E{S^2} = (1/N)*(N*E{x[n]^2}) - (1/N^2)*((N^2-N)*E{x[n]*x[i]} + N*E{x[n]^2})
                                                (for n <> i)

in that double summation, there are N^2 terms of which for N terms, i = n.
so there are N^2 - N terms where i <> n.

finally

E{S^2} = (1/N)*N*(sigma^2 + m^2) - (1/N^2)*((N^2-N)*m^2 + N*(sigma^2 + m^2))

       =         (sigma^2 + m^2) - (1/N^2)*( N^2*m^2 + N*sigma^2 )

       =          sigma^2        - (1/N^2)*( N*sigma^2 )

       = (N-1)/N * sigma^2

you can see that if you grab only one sample of a random variable, the
apparent estimate of variance (from that singular sample) is 0, no matter
what the probabilistic variance really is.  so a single sample might give
you an idea of the mean, if you're lucky, but you can't be lucky enough for
that single sample to give you any idea of the variance.  so getting more
samples can only increase your expectation of getting the variance.  this
makes sense to me, but what doesn't (to me) is what happens if you take a
group of samples that is one less than the entire population, you still use
that biased formula, but if it's the entire population, you don't.

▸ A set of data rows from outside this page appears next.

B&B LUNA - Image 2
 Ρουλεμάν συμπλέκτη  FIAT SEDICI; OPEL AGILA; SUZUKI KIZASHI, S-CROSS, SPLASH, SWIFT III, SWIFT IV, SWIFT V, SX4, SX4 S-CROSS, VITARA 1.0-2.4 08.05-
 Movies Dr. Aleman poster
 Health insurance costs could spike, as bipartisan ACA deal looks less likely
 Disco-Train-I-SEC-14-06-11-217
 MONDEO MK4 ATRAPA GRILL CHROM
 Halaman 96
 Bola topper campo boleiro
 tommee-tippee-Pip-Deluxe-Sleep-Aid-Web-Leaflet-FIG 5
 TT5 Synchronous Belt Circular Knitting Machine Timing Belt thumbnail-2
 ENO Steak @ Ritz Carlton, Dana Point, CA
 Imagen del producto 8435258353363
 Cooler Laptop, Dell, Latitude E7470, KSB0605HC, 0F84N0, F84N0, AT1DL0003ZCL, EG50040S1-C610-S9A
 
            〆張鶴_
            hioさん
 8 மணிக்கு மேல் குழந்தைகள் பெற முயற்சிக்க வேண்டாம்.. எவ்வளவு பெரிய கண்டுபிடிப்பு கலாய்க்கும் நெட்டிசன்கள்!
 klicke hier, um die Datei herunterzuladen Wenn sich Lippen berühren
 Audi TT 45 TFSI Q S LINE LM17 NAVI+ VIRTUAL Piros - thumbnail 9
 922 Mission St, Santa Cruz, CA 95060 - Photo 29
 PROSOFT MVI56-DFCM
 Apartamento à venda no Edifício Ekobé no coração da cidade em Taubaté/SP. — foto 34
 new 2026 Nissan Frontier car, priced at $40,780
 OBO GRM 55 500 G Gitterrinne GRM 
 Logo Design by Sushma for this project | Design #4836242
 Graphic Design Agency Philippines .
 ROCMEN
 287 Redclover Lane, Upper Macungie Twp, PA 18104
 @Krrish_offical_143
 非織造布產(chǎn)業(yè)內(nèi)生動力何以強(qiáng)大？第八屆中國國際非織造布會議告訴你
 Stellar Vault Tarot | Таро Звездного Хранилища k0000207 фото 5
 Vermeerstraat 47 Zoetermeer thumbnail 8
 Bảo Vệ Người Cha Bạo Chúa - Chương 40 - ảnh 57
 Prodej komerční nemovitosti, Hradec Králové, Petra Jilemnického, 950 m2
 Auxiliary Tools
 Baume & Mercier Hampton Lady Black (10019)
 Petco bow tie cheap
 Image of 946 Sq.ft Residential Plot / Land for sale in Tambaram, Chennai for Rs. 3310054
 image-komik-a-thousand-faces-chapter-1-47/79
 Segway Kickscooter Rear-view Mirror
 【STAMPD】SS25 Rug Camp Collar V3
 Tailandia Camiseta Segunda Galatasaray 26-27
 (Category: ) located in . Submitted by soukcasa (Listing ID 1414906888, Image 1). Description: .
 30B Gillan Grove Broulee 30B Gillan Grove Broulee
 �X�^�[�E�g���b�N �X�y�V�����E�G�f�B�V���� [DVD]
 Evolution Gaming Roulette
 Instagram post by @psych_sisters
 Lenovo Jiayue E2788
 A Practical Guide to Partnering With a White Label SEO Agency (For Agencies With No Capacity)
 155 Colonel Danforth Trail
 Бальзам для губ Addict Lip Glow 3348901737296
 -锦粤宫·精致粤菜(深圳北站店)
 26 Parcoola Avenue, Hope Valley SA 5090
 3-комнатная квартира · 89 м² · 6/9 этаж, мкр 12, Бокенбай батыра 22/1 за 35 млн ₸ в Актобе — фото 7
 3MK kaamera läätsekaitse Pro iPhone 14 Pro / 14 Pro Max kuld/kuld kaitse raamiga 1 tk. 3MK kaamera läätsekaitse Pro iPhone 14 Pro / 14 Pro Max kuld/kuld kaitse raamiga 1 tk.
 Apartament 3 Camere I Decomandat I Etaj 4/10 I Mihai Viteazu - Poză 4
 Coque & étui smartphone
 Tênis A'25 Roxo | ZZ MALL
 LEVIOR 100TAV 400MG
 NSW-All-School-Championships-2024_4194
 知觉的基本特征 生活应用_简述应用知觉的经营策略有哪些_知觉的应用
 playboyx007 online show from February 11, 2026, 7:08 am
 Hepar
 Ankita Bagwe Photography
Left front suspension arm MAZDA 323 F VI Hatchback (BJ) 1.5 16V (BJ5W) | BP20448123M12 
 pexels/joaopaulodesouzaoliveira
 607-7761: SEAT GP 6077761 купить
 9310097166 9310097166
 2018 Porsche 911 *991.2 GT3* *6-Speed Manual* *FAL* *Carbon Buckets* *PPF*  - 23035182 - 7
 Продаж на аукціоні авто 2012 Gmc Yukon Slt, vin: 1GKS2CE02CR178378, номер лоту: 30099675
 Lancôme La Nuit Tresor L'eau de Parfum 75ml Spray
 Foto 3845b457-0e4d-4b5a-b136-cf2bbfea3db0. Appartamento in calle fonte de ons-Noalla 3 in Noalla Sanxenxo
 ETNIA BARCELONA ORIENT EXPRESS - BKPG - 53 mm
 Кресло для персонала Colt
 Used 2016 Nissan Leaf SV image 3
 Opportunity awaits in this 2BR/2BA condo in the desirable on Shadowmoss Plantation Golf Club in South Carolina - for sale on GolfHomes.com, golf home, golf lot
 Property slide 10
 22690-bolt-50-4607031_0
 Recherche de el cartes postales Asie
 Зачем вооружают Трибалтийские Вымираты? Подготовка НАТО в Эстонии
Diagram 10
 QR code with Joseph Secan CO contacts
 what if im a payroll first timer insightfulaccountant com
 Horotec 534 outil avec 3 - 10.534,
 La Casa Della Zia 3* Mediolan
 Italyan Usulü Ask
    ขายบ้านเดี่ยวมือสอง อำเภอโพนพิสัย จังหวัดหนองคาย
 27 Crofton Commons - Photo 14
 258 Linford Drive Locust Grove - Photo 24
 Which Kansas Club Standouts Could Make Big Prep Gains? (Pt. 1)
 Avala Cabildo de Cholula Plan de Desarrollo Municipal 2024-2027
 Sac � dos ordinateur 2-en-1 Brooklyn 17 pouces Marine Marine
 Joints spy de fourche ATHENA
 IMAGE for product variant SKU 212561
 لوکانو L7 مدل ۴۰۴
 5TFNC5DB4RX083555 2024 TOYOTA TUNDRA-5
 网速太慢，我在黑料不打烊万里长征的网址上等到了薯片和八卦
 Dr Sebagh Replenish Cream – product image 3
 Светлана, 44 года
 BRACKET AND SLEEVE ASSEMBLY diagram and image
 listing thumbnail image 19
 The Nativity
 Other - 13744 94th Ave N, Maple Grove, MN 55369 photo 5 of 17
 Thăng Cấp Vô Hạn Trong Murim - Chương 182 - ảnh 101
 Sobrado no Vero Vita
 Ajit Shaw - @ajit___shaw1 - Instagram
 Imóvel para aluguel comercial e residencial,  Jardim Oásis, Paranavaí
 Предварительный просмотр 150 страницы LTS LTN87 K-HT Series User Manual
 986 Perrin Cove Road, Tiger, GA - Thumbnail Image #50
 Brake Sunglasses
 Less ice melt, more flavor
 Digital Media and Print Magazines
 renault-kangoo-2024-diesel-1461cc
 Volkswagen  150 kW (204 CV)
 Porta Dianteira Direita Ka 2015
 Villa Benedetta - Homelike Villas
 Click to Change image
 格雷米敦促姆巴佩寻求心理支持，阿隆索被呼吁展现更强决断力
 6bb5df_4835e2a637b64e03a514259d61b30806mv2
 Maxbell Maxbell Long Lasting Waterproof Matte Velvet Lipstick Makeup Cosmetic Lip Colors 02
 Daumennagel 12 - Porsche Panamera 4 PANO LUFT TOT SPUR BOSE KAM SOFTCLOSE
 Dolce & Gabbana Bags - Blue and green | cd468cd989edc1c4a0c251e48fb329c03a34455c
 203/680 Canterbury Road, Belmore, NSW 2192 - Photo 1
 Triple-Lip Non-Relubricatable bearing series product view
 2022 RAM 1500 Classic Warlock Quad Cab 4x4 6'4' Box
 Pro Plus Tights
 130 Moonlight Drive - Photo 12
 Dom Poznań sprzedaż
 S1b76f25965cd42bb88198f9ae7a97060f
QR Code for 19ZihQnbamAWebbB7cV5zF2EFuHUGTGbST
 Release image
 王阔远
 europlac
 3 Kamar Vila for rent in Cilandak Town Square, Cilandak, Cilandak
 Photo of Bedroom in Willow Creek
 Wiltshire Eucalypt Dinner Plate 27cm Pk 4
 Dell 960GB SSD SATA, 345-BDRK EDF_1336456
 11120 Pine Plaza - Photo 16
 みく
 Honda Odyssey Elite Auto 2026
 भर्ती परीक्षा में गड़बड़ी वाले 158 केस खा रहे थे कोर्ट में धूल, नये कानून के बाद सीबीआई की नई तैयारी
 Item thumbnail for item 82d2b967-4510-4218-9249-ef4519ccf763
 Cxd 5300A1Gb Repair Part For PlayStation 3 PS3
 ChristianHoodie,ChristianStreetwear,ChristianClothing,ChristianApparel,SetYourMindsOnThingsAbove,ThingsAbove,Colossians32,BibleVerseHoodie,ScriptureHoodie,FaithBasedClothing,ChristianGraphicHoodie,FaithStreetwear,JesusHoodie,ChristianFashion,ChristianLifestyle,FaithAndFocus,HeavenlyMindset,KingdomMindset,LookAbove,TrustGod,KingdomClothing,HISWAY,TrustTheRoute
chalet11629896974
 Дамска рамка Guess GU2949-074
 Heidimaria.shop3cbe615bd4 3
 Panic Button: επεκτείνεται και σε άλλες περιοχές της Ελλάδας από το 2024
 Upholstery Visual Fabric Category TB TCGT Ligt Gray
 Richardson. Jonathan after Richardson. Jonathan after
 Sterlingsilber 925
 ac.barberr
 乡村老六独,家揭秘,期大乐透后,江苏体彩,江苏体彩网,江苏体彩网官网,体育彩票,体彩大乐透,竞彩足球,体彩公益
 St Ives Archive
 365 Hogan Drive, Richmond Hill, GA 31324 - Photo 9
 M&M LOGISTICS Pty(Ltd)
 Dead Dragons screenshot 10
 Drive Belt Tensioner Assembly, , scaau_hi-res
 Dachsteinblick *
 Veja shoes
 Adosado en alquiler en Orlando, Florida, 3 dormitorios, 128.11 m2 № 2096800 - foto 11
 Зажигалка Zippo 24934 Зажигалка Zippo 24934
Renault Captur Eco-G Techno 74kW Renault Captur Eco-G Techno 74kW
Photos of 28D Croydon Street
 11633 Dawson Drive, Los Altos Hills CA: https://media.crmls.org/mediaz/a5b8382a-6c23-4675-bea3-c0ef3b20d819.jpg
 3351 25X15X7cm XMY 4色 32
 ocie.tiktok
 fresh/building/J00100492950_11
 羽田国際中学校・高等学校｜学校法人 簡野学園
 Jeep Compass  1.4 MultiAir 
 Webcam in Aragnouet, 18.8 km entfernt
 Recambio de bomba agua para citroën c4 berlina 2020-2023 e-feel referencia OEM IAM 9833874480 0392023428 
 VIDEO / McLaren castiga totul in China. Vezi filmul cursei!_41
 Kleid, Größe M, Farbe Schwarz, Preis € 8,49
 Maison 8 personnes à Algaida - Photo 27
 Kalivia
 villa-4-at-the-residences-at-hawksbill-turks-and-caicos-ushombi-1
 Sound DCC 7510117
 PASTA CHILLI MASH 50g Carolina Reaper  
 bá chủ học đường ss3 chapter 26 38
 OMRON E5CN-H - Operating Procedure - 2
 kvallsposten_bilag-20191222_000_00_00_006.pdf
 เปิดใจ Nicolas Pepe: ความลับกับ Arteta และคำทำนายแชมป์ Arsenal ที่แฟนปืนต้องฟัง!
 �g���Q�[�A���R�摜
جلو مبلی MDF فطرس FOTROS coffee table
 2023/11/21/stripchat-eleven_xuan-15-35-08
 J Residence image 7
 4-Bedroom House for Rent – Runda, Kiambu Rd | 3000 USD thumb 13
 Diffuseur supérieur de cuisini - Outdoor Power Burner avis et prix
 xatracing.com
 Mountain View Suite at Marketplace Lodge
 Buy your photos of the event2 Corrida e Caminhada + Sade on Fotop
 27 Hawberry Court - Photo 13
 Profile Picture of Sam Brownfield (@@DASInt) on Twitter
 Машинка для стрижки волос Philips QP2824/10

i guess it still makes sense if the population is infinite, so any finite
subset is still a sample and the estimated variance needs to be bumped up a
little to correct for the bias.  but it still bothers me when you flip the
switch from using 1/(N-1) to using 1/N.  it seems unnatural.

anyway, getting back to Rick's implementation, i see no reason why you can
run a CIC filter on x[n] to get an estimate of N*E{x[n]} (the moving sum)
and another CIC filter (of the same length) to get an estimate of
N*E{x[n]^2} (the moving sum of squares) and from that you can get the biased
estimate of variance:

    S^2 = 1/N * (N*E{x[n]^2}) - ( 1/N * (N*E{x[n]}) )^2

and then you gotta multiply by N/(N-1) to unbias the estimator.

    N/(N-1) * S^2 = 1/(N-1) * ( N*E{x[n]^2}  -  1/N * ( N*E{x[n]} )^2 )

Rick, wouldn't that be the final expression of a "moving variance"
algorithm?

-- 

r b-j                  rbj@audioimagination.com

"Imagination is more important than knowledge."

Reply by Clay ●February 28, 20052005-02-28

robert bristow-johnson wrote:

Hello Robert,
my comments interspersed

>
> i've done some moving "power" implementations before which was about
the
> same as this.  (i *did* remove DC with a DC block and kept a running
sum of
> the last N values of (x[n])^2.

I've done the same in a digital radio. Once the data is "debiased", the
variance and power are simply related.

>
> i think what Clay said is the pretty straight-forward way to do what
the
> statistics texts say (keep a running sum of x[n] and x[n]^2 using a
CIC and
> compute mean and variance from that) and his reference to
>
> http://www.mnstate.edu/wasson/ed602calcvarraws.htm

I didn't specifically mention the CIC, but that it what I implied.

>
> reminds me of a question i intended to ask the group a few times from
long
> ago.
>
> using some of the language of the webpage with link above, there is
the
> "population variance" and the "sample variance".  and there is a
slightly
> different formula for the variance of the population vs. the sample.
>
> i understand what the mathematics is about regarding this difference
(to
> *some* point, but there is still a philosophical problem i have).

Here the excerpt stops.